SEEKING CLARIFICATION

Also on December 28, Sorge in Tokyo drafted a radio message, the first of many he would send warning of possible war. He had developed a close relationship with the German military attaché Colonel Alfred Kretschmer and was able to meet the many high-level military visitors from Berlin on assignment to Japan. “Every new person arriving in Japan from Germany talks about how the Germans have around 80 divisions on the eastern border, including Romania, with the aim of exerting pressure on the policy of the USSR,” his message stated. “In the event that the USSR starts to actively oppose the interests of Germany, as happened in the Baltics, the Germans could occupy territory on a line Kharkov, Moscow, Leningrad.

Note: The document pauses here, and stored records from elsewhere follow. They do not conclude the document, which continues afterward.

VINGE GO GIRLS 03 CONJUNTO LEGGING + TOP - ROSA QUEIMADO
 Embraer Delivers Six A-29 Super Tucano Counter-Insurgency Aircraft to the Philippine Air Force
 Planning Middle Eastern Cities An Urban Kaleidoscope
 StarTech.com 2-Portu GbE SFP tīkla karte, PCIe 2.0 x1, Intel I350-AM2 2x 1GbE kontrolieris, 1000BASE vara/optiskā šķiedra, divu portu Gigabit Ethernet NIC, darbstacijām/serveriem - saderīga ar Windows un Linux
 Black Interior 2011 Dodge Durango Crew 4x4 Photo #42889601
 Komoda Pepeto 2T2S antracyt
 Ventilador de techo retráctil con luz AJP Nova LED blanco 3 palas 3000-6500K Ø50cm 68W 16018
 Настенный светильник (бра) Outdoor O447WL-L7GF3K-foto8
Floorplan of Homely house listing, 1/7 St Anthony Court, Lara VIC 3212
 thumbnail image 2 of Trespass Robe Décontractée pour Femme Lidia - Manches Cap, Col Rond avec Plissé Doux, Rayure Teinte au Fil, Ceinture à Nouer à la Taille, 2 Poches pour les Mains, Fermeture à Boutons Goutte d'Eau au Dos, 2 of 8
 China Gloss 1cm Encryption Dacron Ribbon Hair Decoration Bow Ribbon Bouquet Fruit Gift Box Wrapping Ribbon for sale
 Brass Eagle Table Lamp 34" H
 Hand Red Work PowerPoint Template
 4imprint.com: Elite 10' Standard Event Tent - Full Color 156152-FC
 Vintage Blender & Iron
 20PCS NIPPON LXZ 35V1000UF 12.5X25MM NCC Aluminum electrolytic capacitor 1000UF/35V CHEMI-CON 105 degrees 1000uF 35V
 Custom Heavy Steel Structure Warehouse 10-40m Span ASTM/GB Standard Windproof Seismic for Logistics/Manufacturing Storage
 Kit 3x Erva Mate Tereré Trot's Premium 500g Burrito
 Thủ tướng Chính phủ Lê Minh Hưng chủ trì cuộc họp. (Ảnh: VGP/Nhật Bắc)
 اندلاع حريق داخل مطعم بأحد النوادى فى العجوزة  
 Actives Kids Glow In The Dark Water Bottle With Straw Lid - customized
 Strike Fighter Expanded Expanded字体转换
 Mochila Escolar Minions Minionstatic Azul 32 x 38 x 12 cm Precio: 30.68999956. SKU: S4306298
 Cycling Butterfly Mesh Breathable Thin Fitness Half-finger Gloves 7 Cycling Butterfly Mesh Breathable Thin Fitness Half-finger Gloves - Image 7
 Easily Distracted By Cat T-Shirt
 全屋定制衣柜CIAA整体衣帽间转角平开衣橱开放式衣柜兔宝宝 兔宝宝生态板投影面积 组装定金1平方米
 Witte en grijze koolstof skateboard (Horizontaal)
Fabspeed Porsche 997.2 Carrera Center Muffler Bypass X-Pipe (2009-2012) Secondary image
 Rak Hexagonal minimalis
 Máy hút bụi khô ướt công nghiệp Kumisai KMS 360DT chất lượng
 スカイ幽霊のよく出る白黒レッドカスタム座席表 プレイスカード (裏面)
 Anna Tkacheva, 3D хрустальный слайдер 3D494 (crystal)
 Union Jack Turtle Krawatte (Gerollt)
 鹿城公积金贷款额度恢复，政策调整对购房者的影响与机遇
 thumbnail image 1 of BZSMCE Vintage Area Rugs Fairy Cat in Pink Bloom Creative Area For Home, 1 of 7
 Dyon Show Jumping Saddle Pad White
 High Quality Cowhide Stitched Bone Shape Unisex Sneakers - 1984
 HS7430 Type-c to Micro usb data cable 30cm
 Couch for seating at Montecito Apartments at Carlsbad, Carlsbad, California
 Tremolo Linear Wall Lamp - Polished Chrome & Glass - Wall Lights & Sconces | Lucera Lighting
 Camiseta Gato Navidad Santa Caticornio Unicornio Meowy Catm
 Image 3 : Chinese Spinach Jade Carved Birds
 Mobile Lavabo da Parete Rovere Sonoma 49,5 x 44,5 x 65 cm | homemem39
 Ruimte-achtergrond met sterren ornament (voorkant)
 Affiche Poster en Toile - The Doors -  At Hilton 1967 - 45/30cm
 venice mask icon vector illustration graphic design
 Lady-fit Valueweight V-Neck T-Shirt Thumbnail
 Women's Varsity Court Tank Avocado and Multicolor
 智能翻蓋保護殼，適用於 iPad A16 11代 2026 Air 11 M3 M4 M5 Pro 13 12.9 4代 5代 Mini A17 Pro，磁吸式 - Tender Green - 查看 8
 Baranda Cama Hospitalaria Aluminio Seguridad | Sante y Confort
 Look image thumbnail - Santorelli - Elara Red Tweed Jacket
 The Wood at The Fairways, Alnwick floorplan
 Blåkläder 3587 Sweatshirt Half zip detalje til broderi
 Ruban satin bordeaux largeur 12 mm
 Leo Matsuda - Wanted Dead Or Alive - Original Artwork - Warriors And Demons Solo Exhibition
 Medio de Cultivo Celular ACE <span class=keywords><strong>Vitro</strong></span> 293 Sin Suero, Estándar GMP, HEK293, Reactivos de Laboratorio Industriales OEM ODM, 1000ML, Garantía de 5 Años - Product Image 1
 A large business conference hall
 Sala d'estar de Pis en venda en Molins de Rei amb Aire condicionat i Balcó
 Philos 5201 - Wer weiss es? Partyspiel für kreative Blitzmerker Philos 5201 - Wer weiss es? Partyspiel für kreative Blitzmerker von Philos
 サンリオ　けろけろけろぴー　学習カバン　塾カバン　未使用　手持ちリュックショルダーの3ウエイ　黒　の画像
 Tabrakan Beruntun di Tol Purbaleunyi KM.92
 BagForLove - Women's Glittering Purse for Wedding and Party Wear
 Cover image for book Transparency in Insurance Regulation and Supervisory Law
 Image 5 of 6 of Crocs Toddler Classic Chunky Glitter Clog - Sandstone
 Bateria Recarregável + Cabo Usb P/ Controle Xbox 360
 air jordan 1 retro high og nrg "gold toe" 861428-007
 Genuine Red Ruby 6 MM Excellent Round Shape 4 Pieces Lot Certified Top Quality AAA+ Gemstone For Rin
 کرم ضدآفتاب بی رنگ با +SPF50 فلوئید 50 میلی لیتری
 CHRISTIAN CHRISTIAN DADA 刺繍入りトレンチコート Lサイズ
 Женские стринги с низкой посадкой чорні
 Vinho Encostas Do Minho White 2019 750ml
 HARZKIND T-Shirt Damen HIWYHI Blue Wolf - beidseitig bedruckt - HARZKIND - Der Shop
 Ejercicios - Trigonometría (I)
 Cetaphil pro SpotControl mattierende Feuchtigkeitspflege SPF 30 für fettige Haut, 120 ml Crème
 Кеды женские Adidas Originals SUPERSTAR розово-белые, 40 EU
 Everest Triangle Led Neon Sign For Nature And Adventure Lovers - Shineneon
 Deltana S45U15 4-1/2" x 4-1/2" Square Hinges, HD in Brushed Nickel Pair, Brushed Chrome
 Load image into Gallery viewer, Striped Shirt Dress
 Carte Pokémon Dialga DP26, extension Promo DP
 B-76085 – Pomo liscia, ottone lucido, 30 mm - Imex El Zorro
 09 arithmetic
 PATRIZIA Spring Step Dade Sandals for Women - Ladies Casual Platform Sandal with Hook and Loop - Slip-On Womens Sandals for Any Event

The Germans do not want to do this, but are assembling the means, should they be compelled to do so by the behavior of the USSR.” But Sorge added that “the Germans know well that the USSR cannot risk this, because, after the Finnish war debacle, Moscow needs at least twenty years to become a modern army on a par with Germany’s.”29

Sorge’s dispatch was characteristic of the mountains of chatter that Stalin would receive. But the December 29 intelligence out of Berlin on the existence of Operation Barbarossa was different. It had been written by Skornyakov (“Meteor”), who worked under the cover of the aviation aide to the Soviet military attaché. “Meteor,” in turn, had gotten the information from Captain Nikolai Zaitsev (“Bine”), the intelligence operative in the Soviet trade mission. “Bine,” in freezing weather, drove around and took public transportation for up to five hours (to ensure he was not being followed by German counterintelligence) to meet with the German journalist Ilse Stöbe (“Alta”), who ran the field agents in Soviet military intelligence’s network in Berlin, including her source for this revelation, Rudolf von Scheliha (“Aryan”). The latter, returning from Warsaw, now worked in the German foreign ministry. Filipp Golikov, the head of Soviet military intelligence, forwarded the information to Stalin, as well as to Molotov, defense commissar Timoshenko, and chief of staff Meretskov (collectively known as List No. 1), writing that “from highly informed military circles, it has become known that Hitler issued an order to prepare a war against the USSR and that the war will be declared in March of the coming year.”